Au-delà de ce thème, les quotidiens déplorent le peu de cas fait par Donald Trump et son entourage de l’Europe et la « provocation calculée » (Die Welt) du futur président américain recevant comme premier homme politique européen l’artisan du Brexit, le Britannique Nigel Farrage : « cela montre toute l’étendue du mépris du nouveau président pour l’UE », estime Die Welt.

  1. France

Commémoration des attaques terroristes de Paris

La presse allemande ne cache pas son émotion à l’évocation des attaques terroristes du 13 novembre 2015 dans une abondance de pages spéciales, reportages et témoignages rendant hommage au courage des Parisiens et à la capacité de résilience des Français. « Le sang-froid et la mesure avec lesquelles les Français ont réagi aux attentats impressionnent. Malgré d’autres actes terroristes islamistes – l’assassinat de deux policiers, la mise à mort d’un prêtre, l’attaque de Nice – l’objectif de l’idéologie djihadiste, monter les musulmans et non-musulmans les uns contre les autres, n’a pas été atteint. Au contraire, le pays a réussi à surmonter le choc des événements et à aborder véritablement les douloureux débats qui en découlaient sur l’état des lieux des services de renseignement, la surpopulation carcérale et la radicalisation d’adolescents », constate la radio publique Deutschlandfunk à l’instar des autres médias. Le concert de réouverture du Bataclan, symbole de cette résilience pour les médias, suscite de nombreuses correspondances. « Paris est toujours vivant, un an après le Bataclan », résume le quotidien tageszeitung en présentant la vitalité culturelle de la capitale française (expositions, salon photo, festival de littérature) en ce dimanche 13 novembre.

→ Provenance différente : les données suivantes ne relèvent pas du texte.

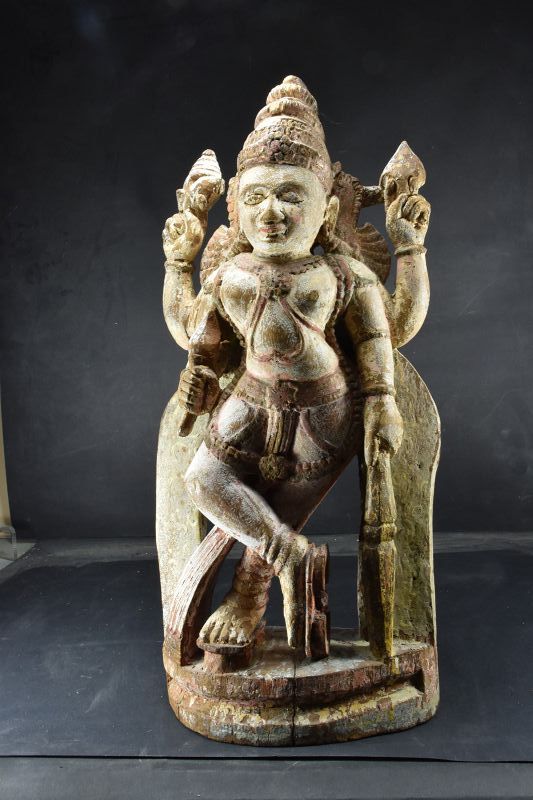 Important Statue of God Vishnu, India,19th C.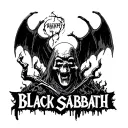 Black Sabbath in hell tattoo design idea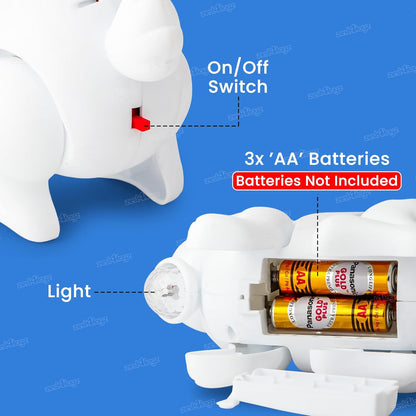 Musical Light-Up Bunny – Battery-Operated Rabbit Toy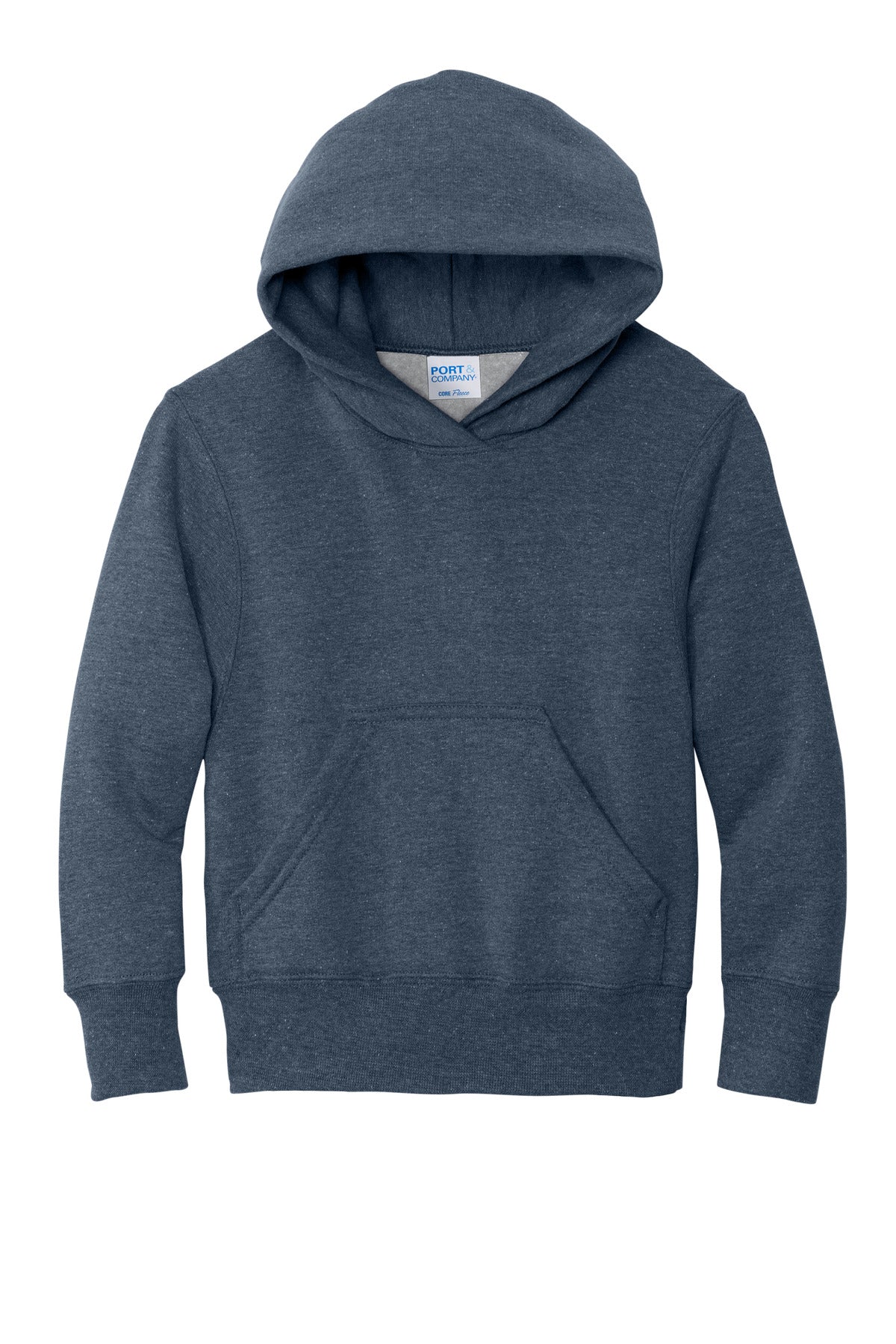 Port & Company Youth Core Fleece Pullover Hoodie (SAN-PC78YH) - Heather Navy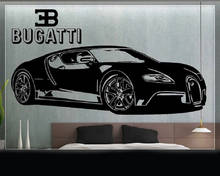 Racing Bugatti Veyron-Vinilo de pared extraíble, calcomanía de carreras, para el hogar pegatina, dormitorio, sala de estar, decoración de garaje, QC45 2024 - compra barato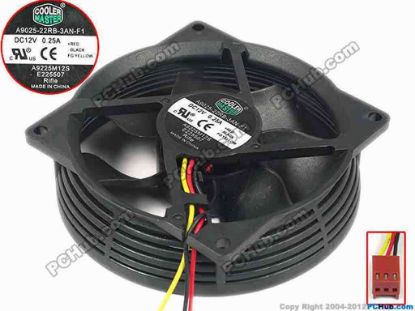 94612 Cooler Master A9025-22RB-3AN-F1 Server - Round Fan dia95x95x25, w200x3x3, 12V 0.25A Cooler Master A9025-22RB-3AN-F1 Server - Round Fan 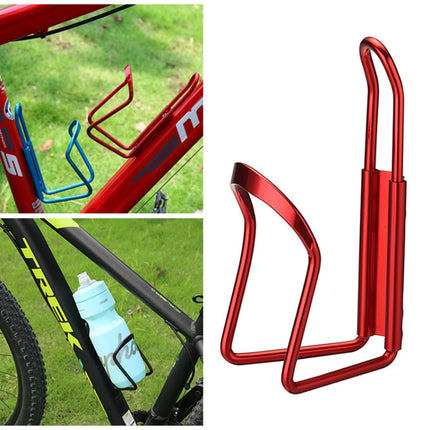 Portable Drinking Cup Water Bottle Cage Holder Bottle Carrier Bracket Stand for Bike, Red, Black, Blue, Gold, Silver - DealBuddy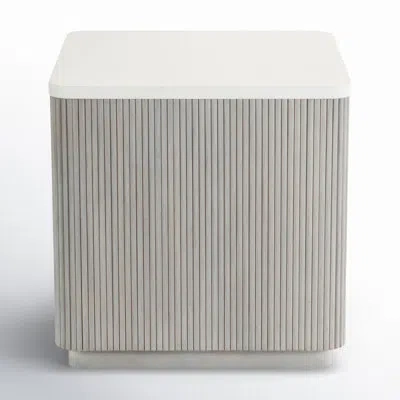 Bernhardt Colonnade Side Table In Ivory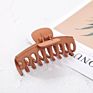 Mio Large Korean Hairgrips Frosted Banana Hair Clips Plastic Claw Clips Nonslip Hair Clamp Hair Claw Clips Women Matte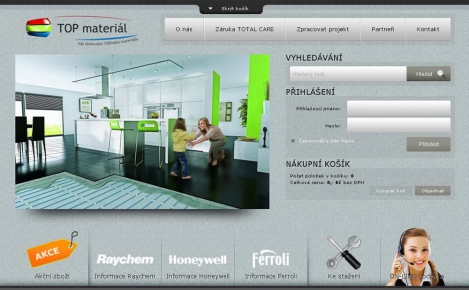TOP Materiál - kompletní tvorba webových stránek a webdesign Brno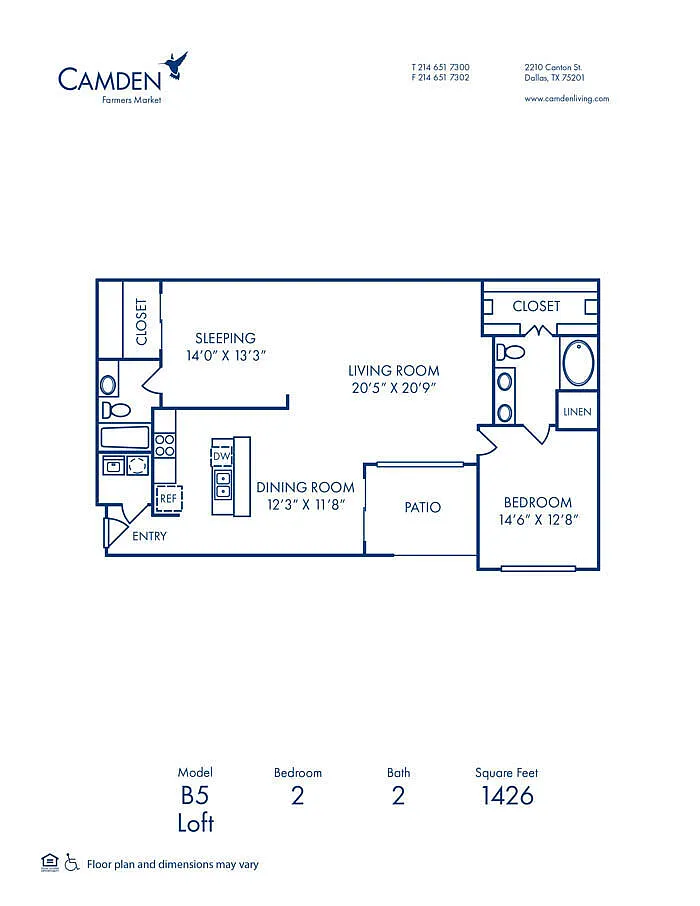 Floor plan B5 - Loft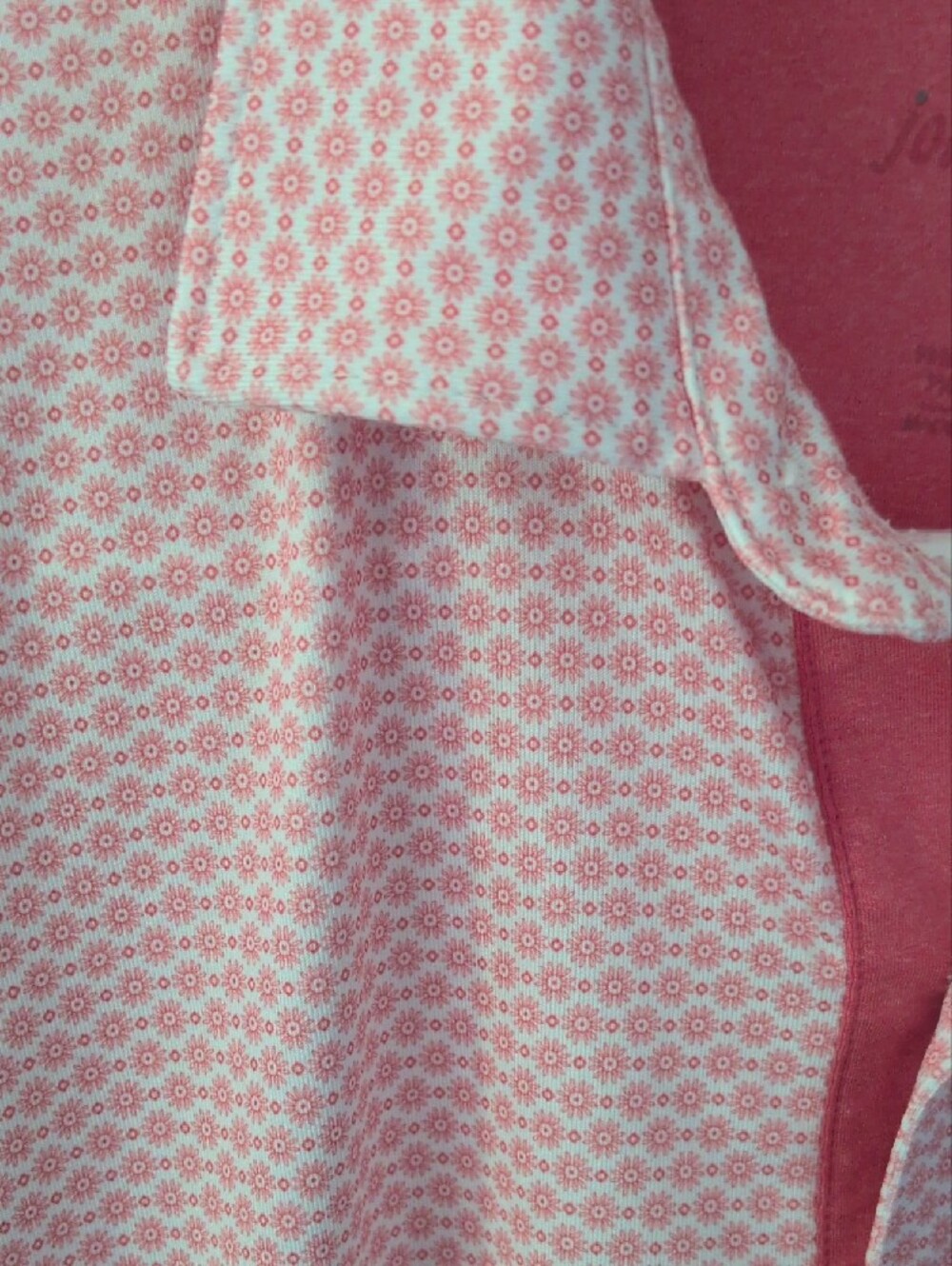 johnnie-O Pink Micro-Pattern Polo - Picture 3 of 7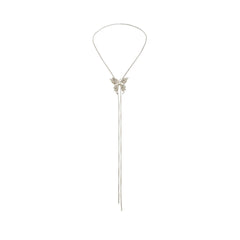 Adjustable Butterfly-Charm Necklace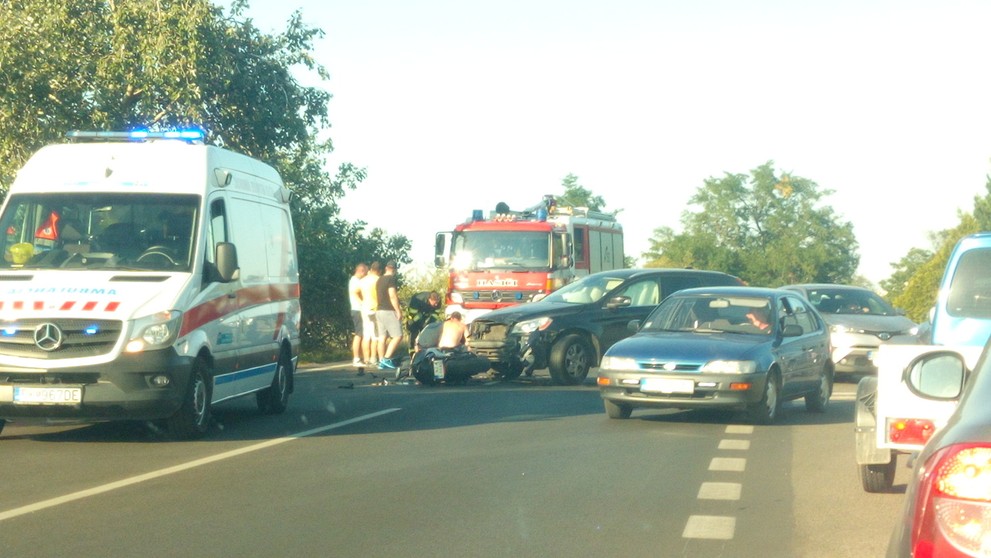 Havária pred Veľkým Bielom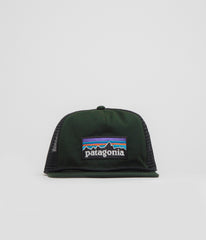 Patagonia Airfarer Cap - P-6 Logo: Old Growth Green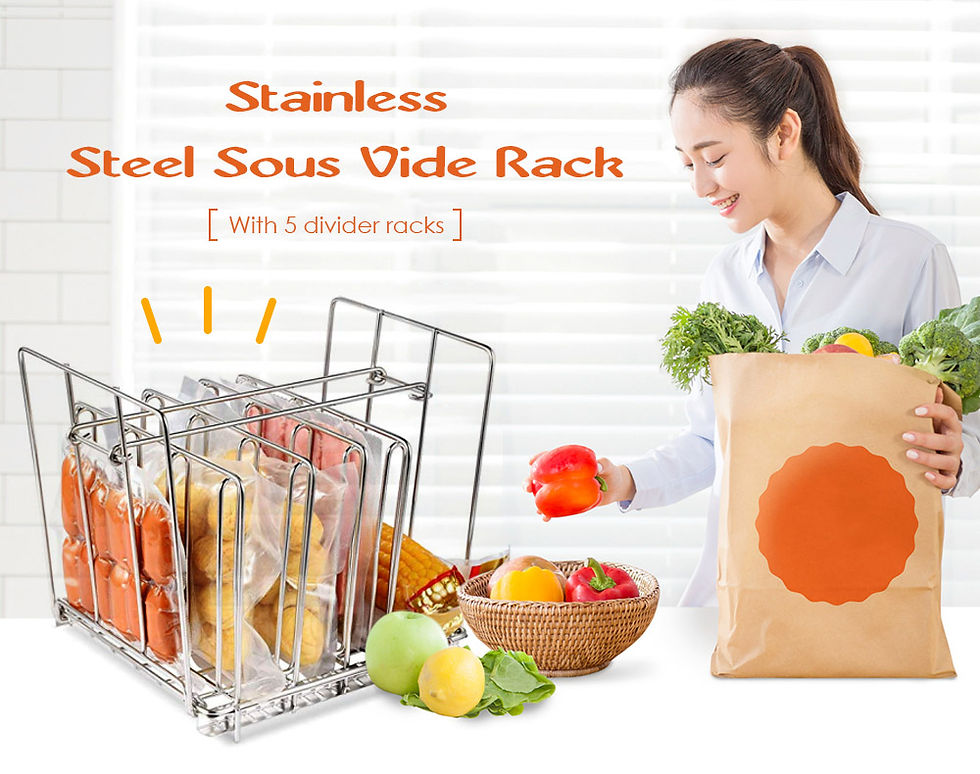Thumbnail: 304 Stainless Steel Food Separator Rack for Sous Vide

« La France a choisi la sobriété pour commémorer le 13 novembre », souligne la FAZ en mettant en exergue le lancement du projet de recherche INSERM/CNRS sur les témoignages d’un millier de rescapés et témoins des attaques. Les quotidiens publient des photos de la « commémoration silencieuse à Paris » (Süddeutsche Zeitung) par le président de la République et la maire de Paris sur les lieux des attaques. La tribune du Premier ministre paraissant dans plusieurs grands quotidiens européens est publiée dans Die Welt sous le titre : « oui, le terrorisme nous frappera à nouveau ». Plusieurs quotidiens reviennent dans ce contexte sur la prorogation de l’état d’urgence (« le jour où l’état d’urgence est devenu la norme », Tagesspiegel) et les nouvelles mesures annoncées dans la lutte anti-terroriste, notamment la création du fichier TES, un projet qui inquiète. « Le monstre de données suscite la peur en France », titre la Süddeutsche Zeitung. « Un tel fichage massif est contraire à toutes les traditions françaises et le gouvernement n’a pas expliqué en quoi il est indispensable à la sécurité des citoyens », commente le quotidien alternatif tageszeitung./.